I guess I need them side by side to do an accurate taste test. It is usually a while between duck eating. I will have to butcher one of the older ducks as well as the new ones when (if) the new ducks get big enough. I started them off with 6 eggs before I separated out the mothers, up to 12 eggs now. Hopefully end up with a good little batch of ducklings in a few weeks.
 

Momentum

Well-known member
Watching an interesting docuseries on Netflix called "Rotten". At first glance it's about food, but so far it has had a heavy focus on american agricultural challenges (mainly from Chinese competition).

Episode 1: Focused on how China is cutting their honey with different syrups to cut the cost, and finding ways to get it into the U.S.. Shows the impact on some american bee farmers who are struggling.

Episode 2: Is about peanut allergies. A lot of the episode is about a sneaky Indian restaurant owner who's restaurants served peanuts, to people who had told staff they were allergic (One got sick, one died). It turns out he was replacing almond powder with peanut powder to cut cost.

Episode 3: Is about a company that is getting around anti-dumping laws, and bringing cheap Chinese garlic into the U.S.. One of the ways that Chinese garlic is made cheaper is using prison labor to peel it.

I don't generally subscribe to the hall's view on trade (I'm generally anti-protectionist), but this show makes some good points. The case made in episode 1, is stronger than the one in episode 3 (in my opinion) since the quality of chinese garlic appears to be fine, and the U.S. uses prison labor as well (even if it's not the same scale/degree as China)
 

Dolph

Well-known member
Watching an interesting docuseries on Netflix called "Rotten". At first glance it's about food, but so far it has had a heavy focus on american agricultural challenges (mainly from Chinese competition).

Episode 1: Focused on how China is cutting their honey with different syrups to cut the cost, and finding ways to get it into the U.S.. Shows the impact on some american bee farmers who are struggling.

Episode 2: Is about peanut allergies. A lot of the episode is about a sneaky Indian restaurant owner who's restaurants served peanuts, to people who had told staff they were allergic (One got sick, one died). It turns out he was replacing almond powder with peanut powder to cut cost.

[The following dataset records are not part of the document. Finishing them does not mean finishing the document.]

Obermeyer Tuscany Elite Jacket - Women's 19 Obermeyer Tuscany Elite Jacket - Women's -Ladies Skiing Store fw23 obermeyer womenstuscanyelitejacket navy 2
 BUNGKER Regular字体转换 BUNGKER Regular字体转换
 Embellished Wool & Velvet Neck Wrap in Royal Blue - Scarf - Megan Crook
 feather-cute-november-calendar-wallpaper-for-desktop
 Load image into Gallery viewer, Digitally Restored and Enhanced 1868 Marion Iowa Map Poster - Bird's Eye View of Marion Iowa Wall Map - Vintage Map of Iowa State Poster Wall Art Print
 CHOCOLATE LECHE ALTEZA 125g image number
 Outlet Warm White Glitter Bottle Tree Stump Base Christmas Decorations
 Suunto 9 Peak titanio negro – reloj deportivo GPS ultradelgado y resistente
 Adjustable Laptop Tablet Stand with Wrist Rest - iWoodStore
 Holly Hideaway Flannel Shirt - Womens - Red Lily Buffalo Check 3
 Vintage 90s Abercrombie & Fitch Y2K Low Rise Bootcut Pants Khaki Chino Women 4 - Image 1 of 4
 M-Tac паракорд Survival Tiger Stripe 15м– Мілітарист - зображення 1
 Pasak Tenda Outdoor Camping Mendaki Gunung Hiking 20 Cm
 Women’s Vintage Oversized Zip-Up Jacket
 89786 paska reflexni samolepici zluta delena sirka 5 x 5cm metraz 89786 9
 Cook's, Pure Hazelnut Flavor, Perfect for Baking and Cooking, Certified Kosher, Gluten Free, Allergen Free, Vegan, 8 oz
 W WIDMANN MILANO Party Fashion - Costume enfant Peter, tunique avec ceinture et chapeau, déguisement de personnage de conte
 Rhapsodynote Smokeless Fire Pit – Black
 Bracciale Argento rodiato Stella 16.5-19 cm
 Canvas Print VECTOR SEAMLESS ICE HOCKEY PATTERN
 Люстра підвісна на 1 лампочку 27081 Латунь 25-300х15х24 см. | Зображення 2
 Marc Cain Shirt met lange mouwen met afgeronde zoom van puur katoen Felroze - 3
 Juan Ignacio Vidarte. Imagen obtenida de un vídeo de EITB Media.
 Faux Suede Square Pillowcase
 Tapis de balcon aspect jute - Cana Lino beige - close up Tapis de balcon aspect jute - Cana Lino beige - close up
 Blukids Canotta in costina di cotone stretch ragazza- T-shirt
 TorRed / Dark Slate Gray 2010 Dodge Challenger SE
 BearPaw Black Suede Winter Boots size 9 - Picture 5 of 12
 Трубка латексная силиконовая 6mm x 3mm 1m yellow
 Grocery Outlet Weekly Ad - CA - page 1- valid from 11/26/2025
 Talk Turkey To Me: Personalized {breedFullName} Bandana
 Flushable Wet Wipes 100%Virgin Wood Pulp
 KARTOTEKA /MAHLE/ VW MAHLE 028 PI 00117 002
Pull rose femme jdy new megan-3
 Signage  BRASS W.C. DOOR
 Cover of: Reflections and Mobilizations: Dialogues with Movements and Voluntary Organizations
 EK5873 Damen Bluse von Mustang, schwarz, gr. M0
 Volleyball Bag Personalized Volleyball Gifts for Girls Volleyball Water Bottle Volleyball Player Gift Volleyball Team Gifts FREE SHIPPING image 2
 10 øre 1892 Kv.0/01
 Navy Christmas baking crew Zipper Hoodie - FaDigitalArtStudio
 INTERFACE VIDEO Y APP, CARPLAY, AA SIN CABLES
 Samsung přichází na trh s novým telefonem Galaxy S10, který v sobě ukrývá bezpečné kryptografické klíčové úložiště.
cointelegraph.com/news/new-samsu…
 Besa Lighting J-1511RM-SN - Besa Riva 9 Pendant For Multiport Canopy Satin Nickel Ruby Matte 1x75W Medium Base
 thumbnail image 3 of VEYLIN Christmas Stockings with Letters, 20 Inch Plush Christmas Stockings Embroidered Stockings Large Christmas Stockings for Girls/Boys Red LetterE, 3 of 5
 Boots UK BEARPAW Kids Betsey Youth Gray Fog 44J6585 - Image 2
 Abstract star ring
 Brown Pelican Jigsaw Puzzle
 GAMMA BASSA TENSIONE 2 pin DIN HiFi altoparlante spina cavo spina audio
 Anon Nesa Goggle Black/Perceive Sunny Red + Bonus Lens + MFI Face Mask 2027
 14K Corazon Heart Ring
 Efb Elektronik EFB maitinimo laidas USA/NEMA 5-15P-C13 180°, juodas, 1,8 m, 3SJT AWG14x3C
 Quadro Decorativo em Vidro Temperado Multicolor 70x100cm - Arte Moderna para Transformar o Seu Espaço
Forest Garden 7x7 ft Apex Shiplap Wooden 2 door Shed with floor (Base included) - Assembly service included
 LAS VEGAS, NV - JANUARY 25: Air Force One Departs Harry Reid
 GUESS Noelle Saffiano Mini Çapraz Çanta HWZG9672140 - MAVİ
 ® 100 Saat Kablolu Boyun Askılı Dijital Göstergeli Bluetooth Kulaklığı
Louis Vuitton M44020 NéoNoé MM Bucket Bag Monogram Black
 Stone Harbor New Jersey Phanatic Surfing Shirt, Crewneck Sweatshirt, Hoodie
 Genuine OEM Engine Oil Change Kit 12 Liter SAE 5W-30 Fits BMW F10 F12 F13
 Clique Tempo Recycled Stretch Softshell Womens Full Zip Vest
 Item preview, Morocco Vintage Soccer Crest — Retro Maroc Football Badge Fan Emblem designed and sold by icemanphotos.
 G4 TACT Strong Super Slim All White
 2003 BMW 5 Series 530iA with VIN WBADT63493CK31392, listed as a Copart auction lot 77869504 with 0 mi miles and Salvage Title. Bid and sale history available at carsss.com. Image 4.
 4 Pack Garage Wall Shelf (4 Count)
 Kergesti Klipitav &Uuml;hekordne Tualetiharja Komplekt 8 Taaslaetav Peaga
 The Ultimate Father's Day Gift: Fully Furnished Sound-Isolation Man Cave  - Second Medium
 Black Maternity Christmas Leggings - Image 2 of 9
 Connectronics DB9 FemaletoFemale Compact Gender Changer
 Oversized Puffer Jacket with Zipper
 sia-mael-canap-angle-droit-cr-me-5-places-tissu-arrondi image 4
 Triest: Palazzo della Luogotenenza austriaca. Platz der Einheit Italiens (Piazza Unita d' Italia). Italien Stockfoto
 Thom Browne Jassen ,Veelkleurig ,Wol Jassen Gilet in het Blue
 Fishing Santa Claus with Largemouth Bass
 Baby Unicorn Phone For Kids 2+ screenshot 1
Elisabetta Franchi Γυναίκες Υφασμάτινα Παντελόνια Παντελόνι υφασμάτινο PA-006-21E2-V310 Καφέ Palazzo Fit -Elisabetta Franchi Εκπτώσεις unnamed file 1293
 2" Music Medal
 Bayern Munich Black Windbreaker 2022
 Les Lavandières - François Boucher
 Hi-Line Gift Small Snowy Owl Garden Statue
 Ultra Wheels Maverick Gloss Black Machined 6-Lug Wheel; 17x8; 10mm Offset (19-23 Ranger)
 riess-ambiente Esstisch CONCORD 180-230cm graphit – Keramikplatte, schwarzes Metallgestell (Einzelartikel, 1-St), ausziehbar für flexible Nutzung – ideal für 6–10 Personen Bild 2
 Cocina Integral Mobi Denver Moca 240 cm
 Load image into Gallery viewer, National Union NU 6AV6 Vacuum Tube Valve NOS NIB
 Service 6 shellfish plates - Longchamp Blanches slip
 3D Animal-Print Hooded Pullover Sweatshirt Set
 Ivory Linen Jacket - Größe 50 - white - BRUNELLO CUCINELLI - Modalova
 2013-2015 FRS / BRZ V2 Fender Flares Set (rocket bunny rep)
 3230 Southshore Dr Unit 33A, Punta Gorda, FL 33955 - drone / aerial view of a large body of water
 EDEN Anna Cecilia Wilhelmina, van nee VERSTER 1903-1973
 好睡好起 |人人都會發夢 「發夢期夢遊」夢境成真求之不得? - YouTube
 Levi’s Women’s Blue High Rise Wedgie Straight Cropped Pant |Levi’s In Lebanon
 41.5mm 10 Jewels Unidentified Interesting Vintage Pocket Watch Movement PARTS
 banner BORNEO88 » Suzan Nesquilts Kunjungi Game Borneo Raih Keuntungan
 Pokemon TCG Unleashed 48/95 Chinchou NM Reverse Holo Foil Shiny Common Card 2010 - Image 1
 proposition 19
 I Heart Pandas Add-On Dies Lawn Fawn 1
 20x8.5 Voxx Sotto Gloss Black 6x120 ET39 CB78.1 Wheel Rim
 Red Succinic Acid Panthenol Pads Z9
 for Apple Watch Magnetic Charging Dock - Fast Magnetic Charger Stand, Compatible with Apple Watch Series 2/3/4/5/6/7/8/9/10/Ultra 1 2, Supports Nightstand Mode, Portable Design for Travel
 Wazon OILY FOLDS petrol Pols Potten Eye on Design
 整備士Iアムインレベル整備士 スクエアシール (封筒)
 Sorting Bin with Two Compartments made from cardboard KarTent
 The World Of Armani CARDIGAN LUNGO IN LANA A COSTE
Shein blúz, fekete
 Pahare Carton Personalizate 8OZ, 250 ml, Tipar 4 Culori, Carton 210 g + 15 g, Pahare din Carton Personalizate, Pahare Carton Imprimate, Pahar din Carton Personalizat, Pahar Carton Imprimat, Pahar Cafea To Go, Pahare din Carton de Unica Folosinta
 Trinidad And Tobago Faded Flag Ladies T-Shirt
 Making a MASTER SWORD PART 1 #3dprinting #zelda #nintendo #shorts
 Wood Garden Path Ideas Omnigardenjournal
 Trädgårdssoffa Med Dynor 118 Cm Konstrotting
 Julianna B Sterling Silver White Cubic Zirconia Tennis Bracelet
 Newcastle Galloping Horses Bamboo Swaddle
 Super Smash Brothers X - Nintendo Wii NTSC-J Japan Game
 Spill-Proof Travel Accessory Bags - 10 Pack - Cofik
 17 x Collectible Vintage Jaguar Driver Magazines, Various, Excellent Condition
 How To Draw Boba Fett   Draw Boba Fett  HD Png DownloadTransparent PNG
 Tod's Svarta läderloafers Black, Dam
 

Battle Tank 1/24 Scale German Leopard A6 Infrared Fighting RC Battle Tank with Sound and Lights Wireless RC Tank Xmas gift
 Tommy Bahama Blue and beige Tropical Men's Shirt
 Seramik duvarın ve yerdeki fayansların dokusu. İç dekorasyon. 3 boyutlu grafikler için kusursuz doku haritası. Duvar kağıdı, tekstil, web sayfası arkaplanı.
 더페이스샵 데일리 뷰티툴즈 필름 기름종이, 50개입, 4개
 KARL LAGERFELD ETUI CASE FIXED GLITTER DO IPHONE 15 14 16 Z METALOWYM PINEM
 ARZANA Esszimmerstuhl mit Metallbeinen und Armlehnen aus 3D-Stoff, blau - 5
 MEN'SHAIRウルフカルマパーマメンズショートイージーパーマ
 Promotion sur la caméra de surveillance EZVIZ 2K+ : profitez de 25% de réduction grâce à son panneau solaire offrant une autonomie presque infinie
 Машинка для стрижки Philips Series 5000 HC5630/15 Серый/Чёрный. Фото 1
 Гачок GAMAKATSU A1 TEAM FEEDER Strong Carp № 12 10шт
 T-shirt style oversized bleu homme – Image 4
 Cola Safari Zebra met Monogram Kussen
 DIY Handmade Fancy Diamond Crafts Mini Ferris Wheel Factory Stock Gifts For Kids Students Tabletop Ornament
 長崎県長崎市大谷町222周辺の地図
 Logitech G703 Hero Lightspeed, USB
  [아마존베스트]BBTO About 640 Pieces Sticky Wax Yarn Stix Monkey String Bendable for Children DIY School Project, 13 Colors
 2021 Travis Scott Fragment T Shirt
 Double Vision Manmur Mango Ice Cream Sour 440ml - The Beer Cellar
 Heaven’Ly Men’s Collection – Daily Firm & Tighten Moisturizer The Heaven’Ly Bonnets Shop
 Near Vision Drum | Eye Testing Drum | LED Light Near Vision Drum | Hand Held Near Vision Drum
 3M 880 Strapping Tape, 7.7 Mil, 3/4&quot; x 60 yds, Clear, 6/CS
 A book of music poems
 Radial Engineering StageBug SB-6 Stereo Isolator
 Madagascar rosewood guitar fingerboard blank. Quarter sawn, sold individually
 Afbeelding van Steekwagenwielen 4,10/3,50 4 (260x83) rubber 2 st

Episode 3: Is about a company that is getting around anti-dumping laws, and bringing cheap Chinese garlic into the U.S.. One of the ways that Chinese garlic is made cheaper is using prison labor to peel it.

I don't generally subscribe to the hall's view on trade (I'm generally anti-protectionist), but this show makes some good points. The case made in episode 1, is stronger than the one in episode 3 (in my opinion) since the quality of chinese garlic appears to be fine, and the U.S. uses prison labor as well (even if it's not the same scale/degree as China)
Can confirm that Rotten is a worthwhile watch.
 

Manko

Well-known member
Episode 3: Is about a company that is getting around anti-dumping laws, and bringing cheap Chinese garlic into the U.S.. One of the ways that Chinese garlic is made cheaper is using prison labor to peel it.
Chinese garlic dumping here is so extreme that it's hard to find garlic that isn't Chinese unless you look for it. Chinese garlic is easily 1/4 the price of local garlic, and all the processed garlic products (pre-ground, paste, etc) are 100% Chinese garlic. We end up having to pay equivalent of $20/kg for Aomori garlic when we can find it, and then peel & keep in a jar full of olive oil until we need it.

Honey is similar, but I'd never buy Chinese honey since a beekeeper friend warned me about that, and we get Argentine honey which is really good and cheaper due to FTA with the Argentinians.